▶ [EXERCISE REQUIREMENTS]
Below are some records. Set down exactly the line holding "A unisex Mexican" and every later line through the end, omitting the pictures.

Short web captions:
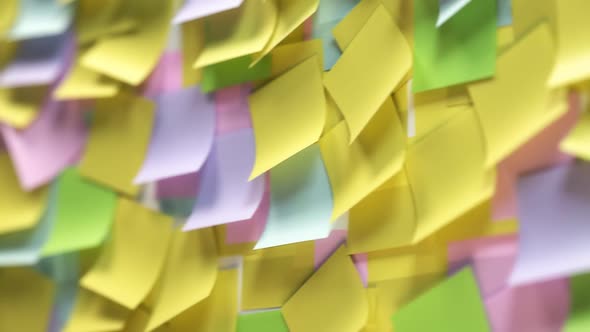 The collage of multiple colorful post-it notes on the wall with idea text.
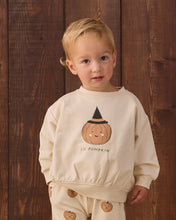 Load image into Gallery viewer, A toddler wearing a cream-colored sweatshirt and matching pants set with a cute pumpkin graphic, standing against a dark wood plank background.
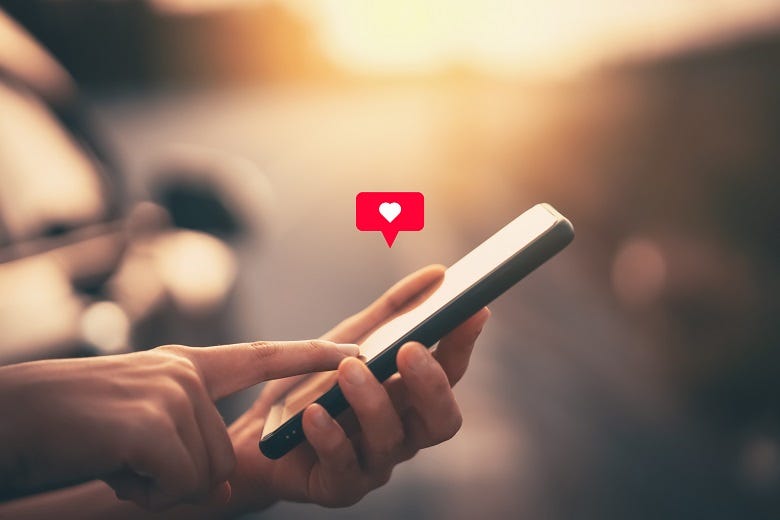 Woman using a dating app on a smart phone
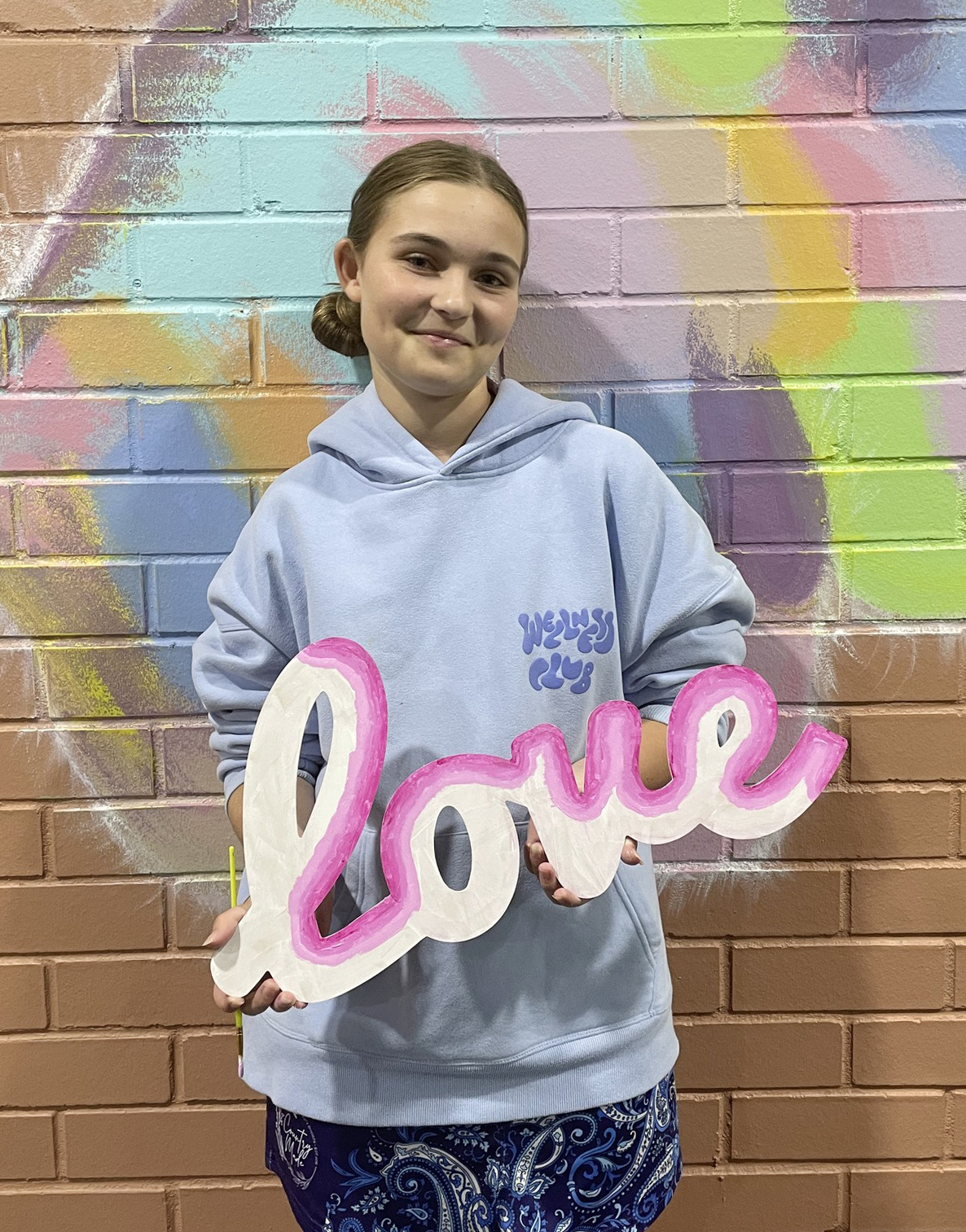 Narrogin Residential College boarder holding a 'love' sign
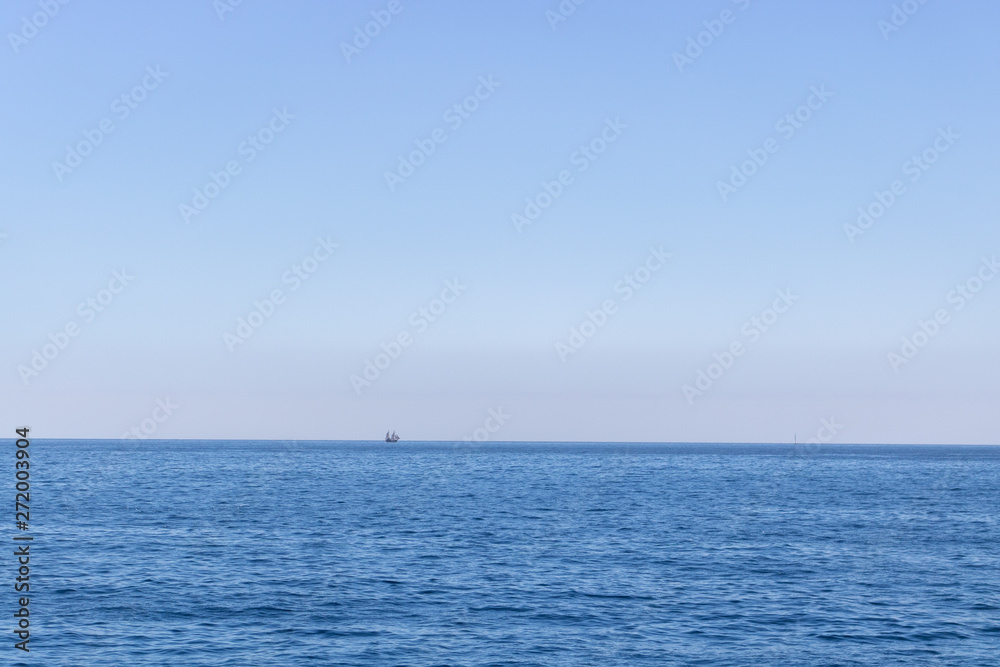 Seascape with sea horizon and almost clear deep blue sky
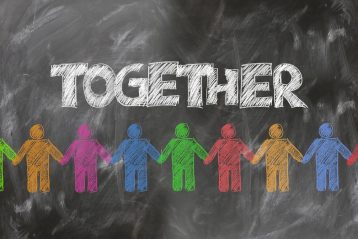 Graphic denoting teamwork or charity.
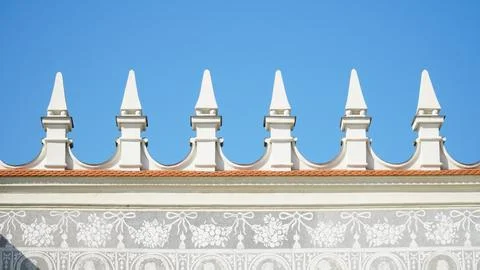 Castle decoration elements. Gothic arches against the background of the sky.  Stock Photos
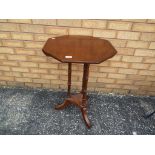 A octagonal topped occasional table on tripod supports approx 72cm x 49cm x 49cm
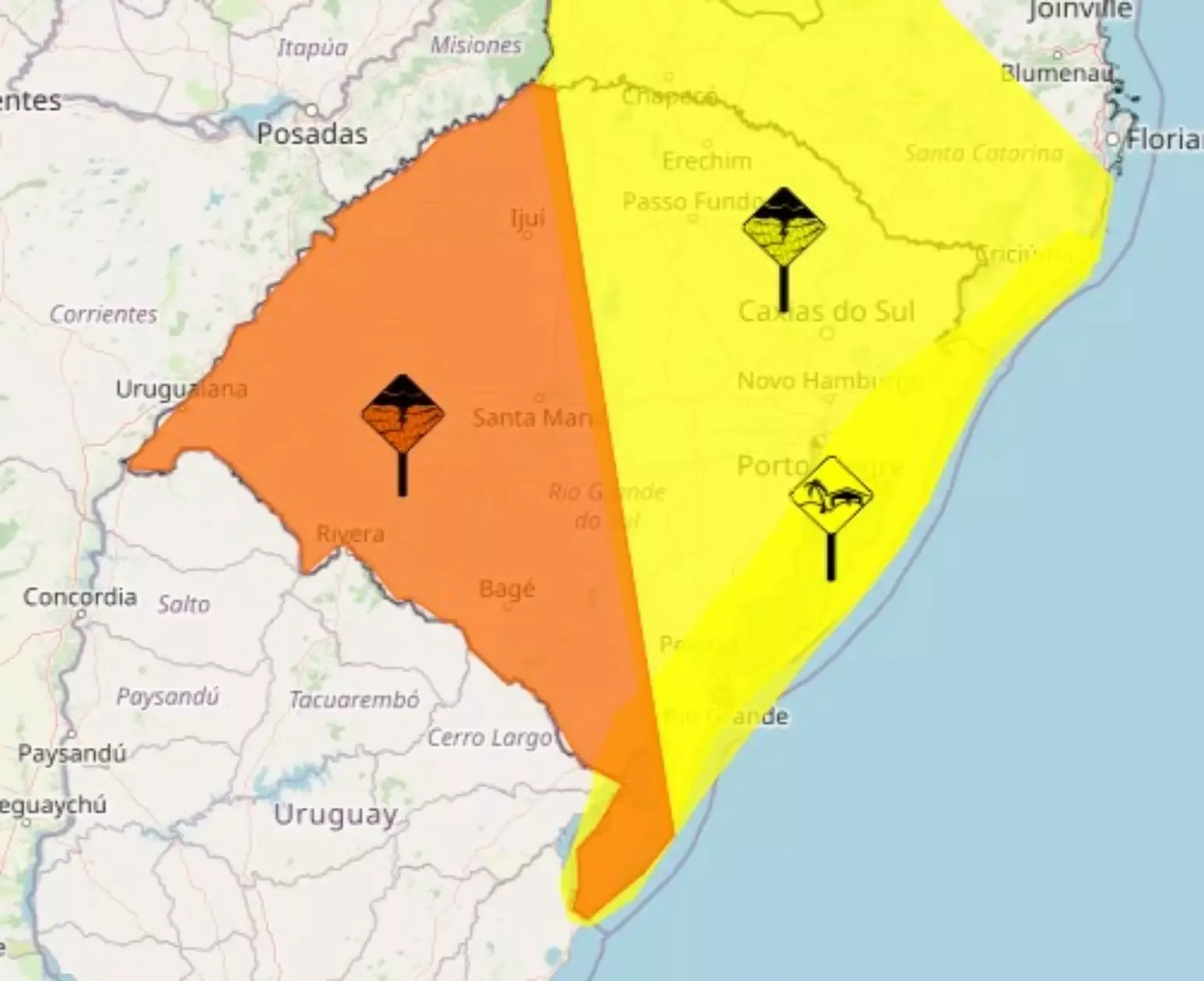Céu nublado e chuva intensa no Rio Grande do Sul durante alerta do INMET.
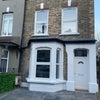 Photo 1: House front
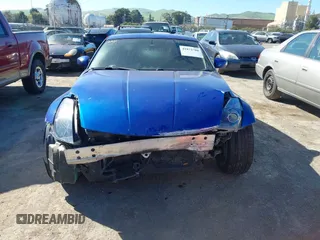 2004 Nissan 350Z Touring with VIN JN1AZ34D34T165329, listed as a IAAI auction lot 41872788 with 199,196 mi miles. Bid and sale history available at carsss.com. Image 6.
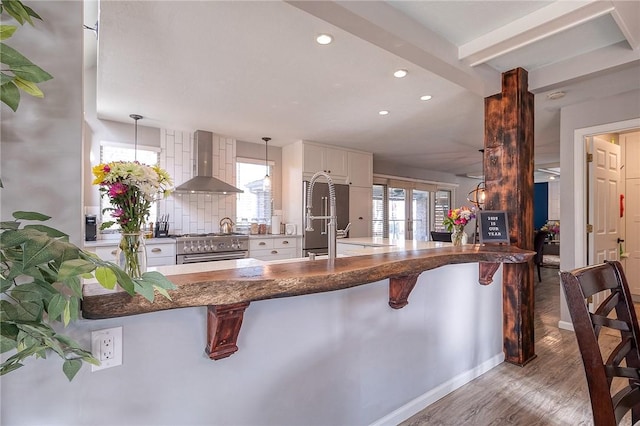 kitchen featuring pendant lighting, white cabinets, wall chimney range hood, a peninsula, and a kitchen breakfast bar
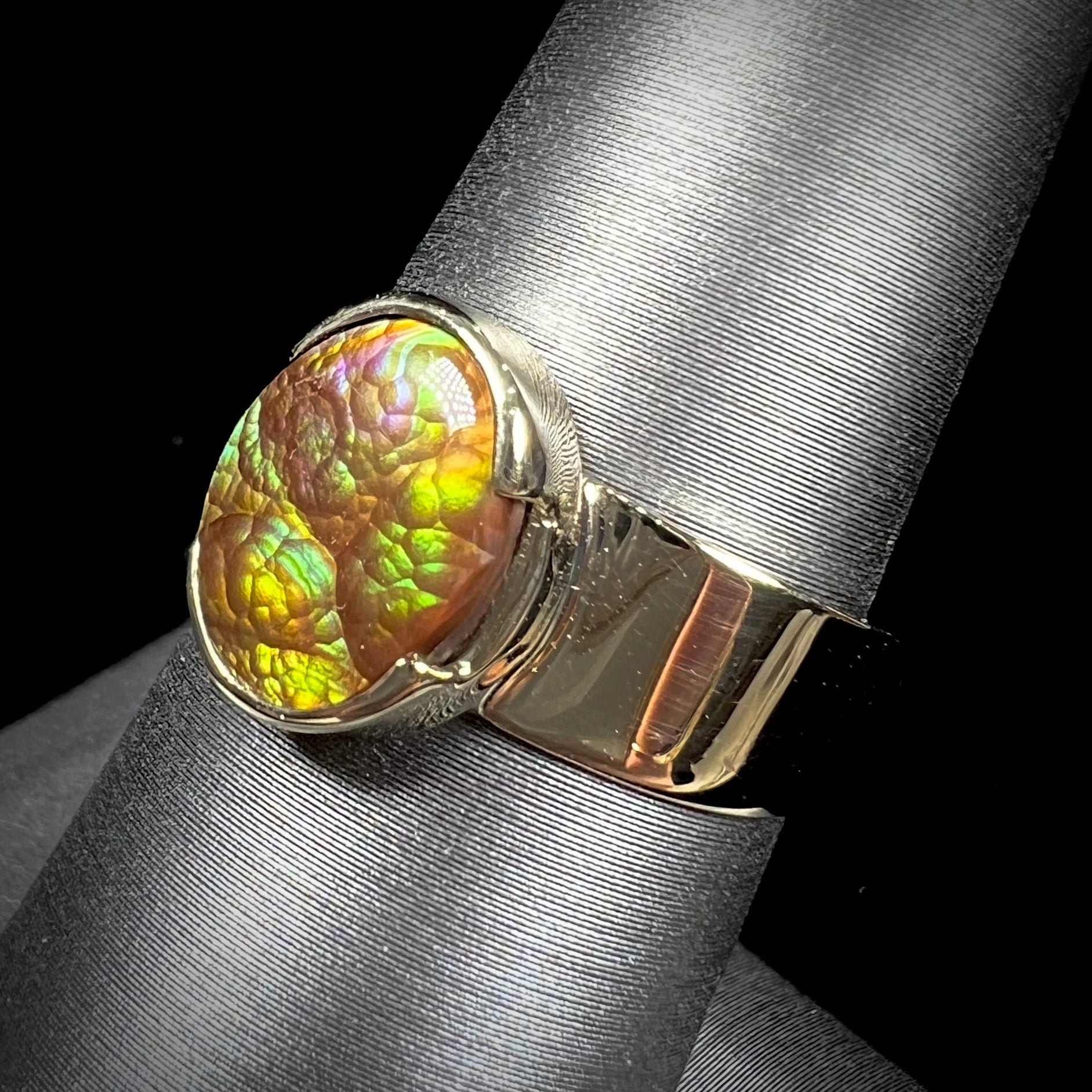 A unisex Mexican fire agate solitaire ring set in yellow gold.  The stone is predominantly green and purple.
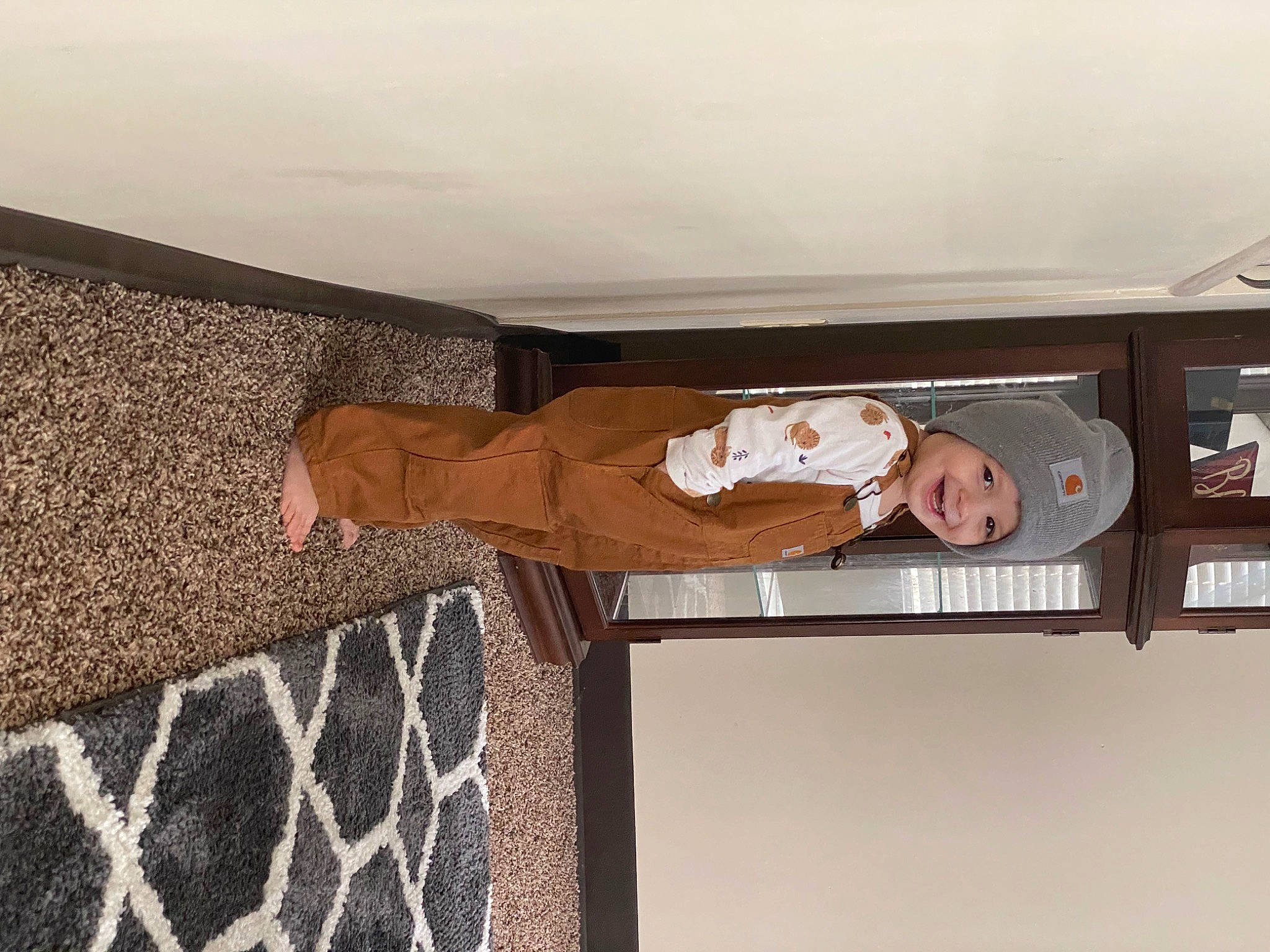 Credence is registered to the contest to win money with this photo: brown, ceiling, child, comfort, elbow, flooring, hardwood, headwear, joy, pattern, person, room, toddler, wood, wrist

▶ [EXERCISE RESULT]
 A unisex Mexican fire agate solitaire ring set in yellow gold.  The stone is predominantly green and purple.
 Credence is registered to the contest to win money with this photo: brown, ceiling, child, comfort, elbow, flooring, hardwood, headwear, joy, pattern, person, room, toddler, wood, wrist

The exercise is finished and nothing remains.